Friday, October 14, 2011

Think Positive

It's Friday night again.  It seems like the rest of my roommates are going out together and having fun.  Good for them.  In the past, I was hurt when I felt like I was the odd man out, but honestly, it doesn't matter to me this year.  I know that anything deeper than a few hi and byes, and a casual conversation every now and then would be an action in futility, so meh.

I met with Dr. Poizner again today and he has helped me a lot.  One of the things he told me was that it seemed like I'm mentally holding myself back with my constant negative thoughts.  He said that I need to balance it out with more positive and realistic ones.  He's right, I need to have more positive thoughts.  I also asked him what was the general format for dating like.  How it starts, how to move from initiation to something long term.  It was nice to hear it from someone who has experience with a normal relationship.  What sucks now is that I have no idea where to go from here on out.  Dr.

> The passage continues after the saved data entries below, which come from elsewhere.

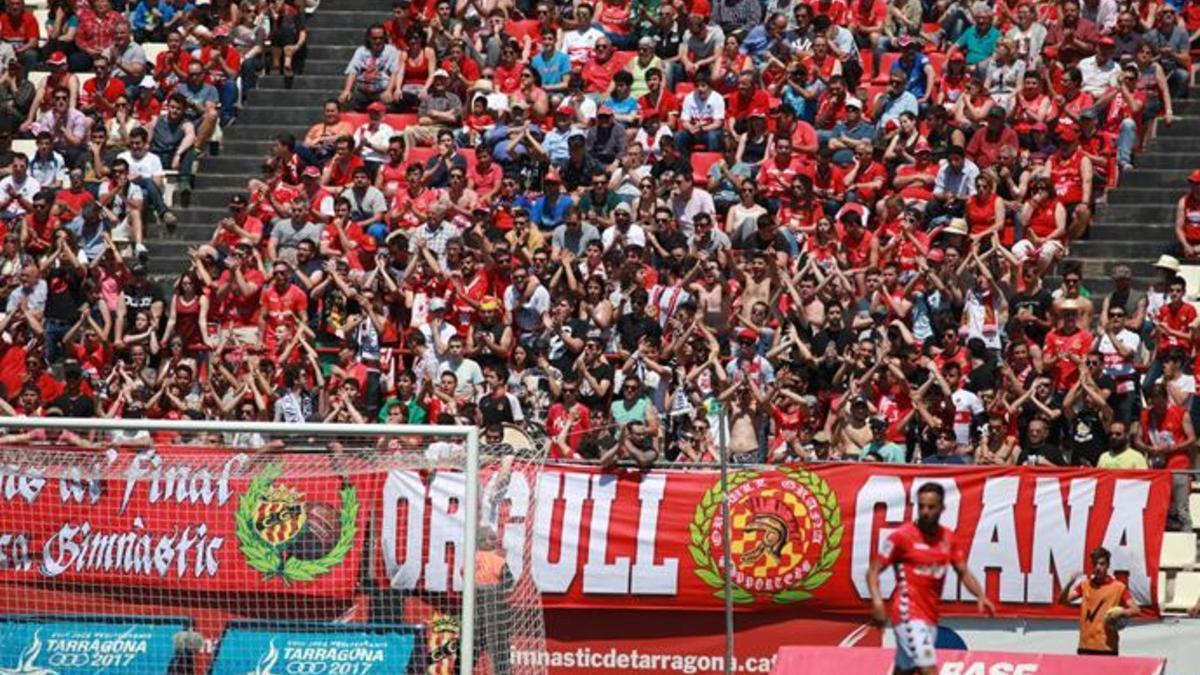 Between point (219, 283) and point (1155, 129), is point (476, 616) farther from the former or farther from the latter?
point (1155, 129)

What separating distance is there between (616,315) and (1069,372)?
482cm

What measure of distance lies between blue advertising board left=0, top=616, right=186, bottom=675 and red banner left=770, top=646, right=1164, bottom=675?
16.4 ft

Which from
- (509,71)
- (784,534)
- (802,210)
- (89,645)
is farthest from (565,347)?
(89,645)

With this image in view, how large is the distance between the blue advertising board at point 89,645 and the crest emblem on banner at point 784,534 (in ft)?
17.4

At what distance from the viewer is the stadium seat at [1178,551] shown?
22.9 meters

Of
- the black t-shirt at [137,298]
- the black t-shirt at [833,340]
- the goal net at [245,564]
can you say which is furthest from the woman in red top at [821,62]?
the goal net at [245,564]

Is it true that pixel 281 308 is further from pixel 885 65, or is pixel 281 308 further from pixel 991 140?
pixel 991 140

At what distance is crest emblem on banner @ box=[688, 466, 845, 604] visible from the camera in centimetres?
2328

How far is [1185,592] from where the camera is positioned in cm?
2308

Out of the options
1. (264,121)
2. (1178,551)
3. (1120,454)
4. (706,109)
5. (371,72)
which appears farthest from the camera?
(264,121)

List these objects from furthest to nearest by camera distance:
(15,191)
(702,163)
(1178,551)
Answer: (15,191)
(702,163)
(1178,551)

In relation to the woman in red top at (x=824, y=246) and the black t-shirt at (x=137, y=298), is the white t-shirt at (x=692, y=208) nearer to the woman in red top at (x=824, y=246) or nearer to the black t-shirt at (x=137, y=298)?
the woman in red top at (x=824, y=246)

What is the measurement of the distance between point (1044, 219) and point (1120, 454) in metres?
3.93

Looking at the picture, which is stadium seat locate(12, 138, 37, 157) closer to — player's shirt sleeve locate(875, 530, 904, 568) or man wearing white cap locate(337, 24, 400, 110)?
man wearing white cap locate(337, 24, 400, 110) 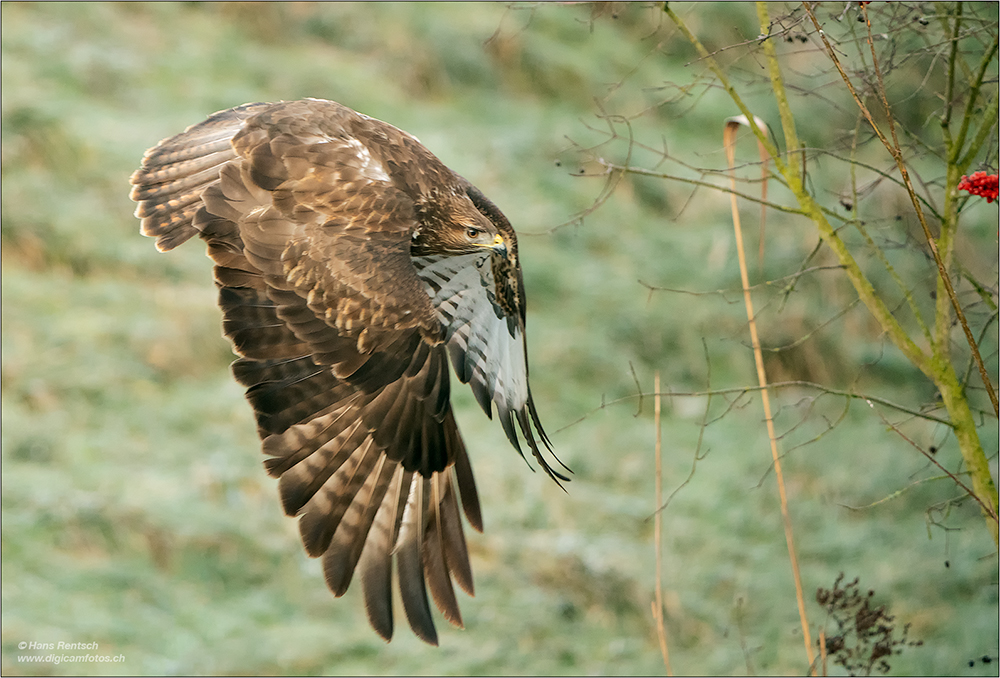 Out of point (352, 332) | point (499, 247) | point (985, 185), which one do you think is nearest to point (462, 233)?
point (499, 247)

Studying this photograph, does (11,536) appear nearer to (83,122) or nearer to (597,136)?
(83,122)

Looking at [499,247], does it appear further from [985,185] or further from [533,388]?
[533,388]

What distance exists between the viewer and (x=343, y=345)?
2.50 meters

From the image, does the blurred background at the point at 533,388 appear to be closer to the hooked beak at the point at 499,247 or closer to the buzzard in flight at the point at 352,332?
the hooked beak at the point at 499,247

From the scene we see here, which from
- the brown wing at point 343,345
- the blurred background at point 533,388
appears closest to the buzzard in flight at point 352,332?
the brown wing at point 343,345

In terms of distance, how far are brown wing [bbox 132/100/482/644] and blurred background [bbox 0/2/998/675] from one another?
4.35 ft

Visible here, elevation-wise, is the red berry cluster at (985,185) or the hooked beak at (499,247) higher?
the red berry cluster at (985,185)

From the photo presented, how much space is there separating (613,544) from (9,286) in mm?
3638

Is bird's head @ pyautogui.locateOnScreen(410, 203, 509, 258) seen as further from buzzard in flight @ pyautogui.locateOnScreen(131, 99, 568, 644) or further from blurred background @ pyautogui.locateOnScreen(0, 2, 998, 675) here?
blurred background @ pyautogui.locateOnScreen(0, 2, 998, 675)

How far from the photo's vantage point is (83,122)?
575 cm

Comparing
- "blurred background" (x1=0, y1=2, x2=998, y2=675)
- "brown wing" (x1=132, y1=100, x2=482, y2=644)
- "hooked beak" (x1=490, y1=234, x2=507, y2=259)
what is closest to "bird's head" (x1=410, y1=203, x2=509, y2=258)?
"hooked beak" (x1=490, y1=234, x2=507, y2=259)

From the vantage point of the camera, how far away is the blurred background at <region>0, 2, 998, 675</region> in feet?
14.2

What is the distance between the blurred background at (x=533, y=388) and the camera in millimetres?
4336

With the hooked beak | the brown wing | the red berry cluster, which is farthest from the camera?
the hooked beak
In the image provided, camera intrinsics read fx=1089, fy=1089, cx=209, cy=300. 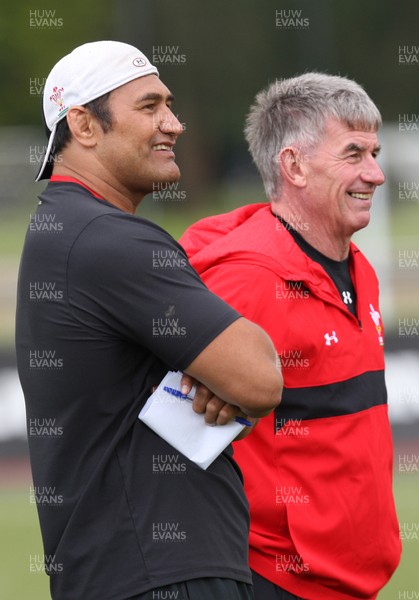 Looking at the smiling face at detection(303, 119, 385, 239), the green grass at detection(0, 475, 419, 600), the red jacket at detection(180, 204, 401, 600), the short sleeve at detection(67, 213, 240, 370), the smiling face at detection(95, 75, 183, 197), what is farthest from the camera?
the green grass at detection(0, 475, 419, 600)

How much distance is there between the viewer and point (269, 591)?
9.65 feet

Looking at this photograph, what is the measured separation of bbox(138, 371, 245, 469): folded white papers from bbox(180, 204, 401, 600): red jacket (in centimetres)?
56

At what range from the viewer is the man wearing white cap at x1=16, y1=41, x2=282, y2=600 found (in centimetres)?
223

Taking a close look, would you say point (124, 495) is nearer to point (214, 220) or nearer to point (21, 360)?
point (21, 360)

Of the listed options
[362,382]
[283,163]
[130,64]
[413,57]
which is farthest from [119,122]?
[413,57]

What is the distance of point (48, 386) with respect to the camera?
7.68ft

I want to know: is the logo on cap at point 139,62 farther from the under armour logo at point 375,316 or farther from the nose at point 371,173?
the under armour logo at point 375,316

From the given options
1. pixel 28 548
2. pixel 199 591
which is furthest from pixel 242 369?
pixel 28 548

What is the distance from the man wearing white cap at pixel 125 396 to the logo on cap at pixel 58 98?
248 millimetres

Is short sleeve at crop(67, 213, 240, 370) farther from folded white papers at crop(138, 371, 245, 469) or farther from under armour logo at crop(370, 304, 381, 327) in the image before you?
under armour logo at crop(370, 304, 381, 327)

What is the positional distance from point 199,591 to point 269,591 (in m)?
0.73

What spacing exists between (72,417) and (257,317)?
0.74 metres

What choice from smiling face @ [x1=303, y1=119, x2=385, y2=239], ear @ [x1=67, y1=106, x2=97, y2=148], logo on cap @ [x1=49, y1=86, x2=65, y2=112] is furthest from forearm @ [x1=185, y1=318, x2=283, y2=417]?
smiling face @ [x1=303, y1=119, x2=385, y2=239]

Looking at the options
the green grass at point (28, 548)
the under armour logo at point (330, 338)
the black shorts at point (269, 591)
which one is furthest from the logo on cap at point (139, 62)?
the green grass at point (28, 548) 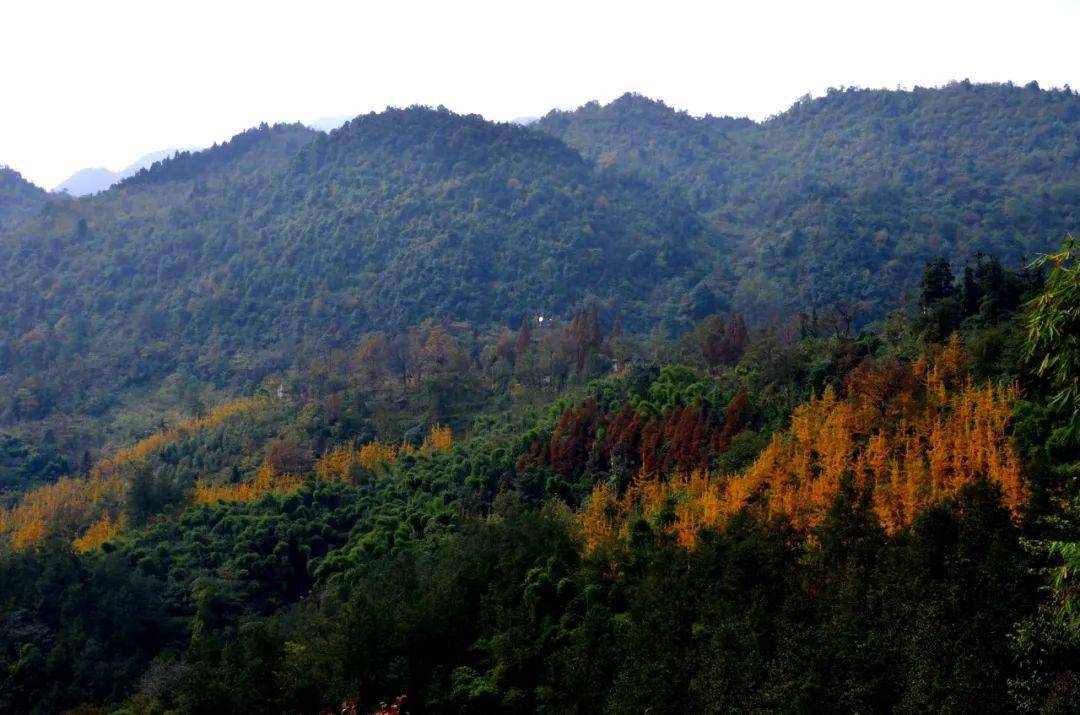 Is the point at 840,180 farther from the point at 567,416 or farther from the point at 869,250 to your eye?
the point at 567,416

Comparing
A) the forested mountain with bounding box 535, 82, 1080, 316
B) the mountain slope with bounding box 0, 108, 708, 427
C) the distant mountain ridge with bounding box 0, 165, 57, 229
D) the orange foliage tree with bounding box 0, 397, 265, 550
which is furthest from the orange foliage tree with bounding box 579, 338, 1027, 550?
the distant mountain ridge with bounding box 0, 165, 57, 229

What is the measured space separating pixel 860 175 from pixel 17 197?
9381 cm

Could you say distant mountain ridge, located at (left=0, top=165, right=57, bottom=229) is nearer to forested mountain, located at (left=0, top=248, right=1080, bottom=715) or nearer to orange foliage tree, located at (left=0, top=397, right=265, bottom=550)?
orange foliage tree, located at (left=0, top=397, right=265, bottom=550)

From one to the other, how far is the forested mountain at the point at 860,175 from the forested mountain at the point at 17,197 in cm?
6286

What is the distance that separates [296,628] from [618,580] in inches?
380

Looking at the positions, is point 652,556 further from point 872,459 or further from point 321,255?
point 321,255

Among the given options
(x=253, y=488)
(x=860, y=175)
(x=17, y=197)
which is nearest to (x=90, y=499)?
(x=253, y=488)

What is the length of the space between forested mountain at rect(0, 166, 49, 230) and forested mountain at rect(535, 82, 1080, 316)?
6286 cm

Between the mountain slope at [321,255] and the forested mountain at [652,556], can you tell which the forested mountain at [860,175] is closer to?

Poizner asked me what I wanted to accomplish from now on and I honestly couldn't think of anything.  Is this it?  Did I hit a brick wall and this is how it ends?  I hope not because I don't feel that much different than when I first started.

On another note, I finally sent the notes I typed up to Julia.  I don't expect anything to happen, but it will be nice to do something nice for her.  I saw her several nights ago at the village market, it might be the last time I see her...

Note to self: Think positive and realistic thoughts.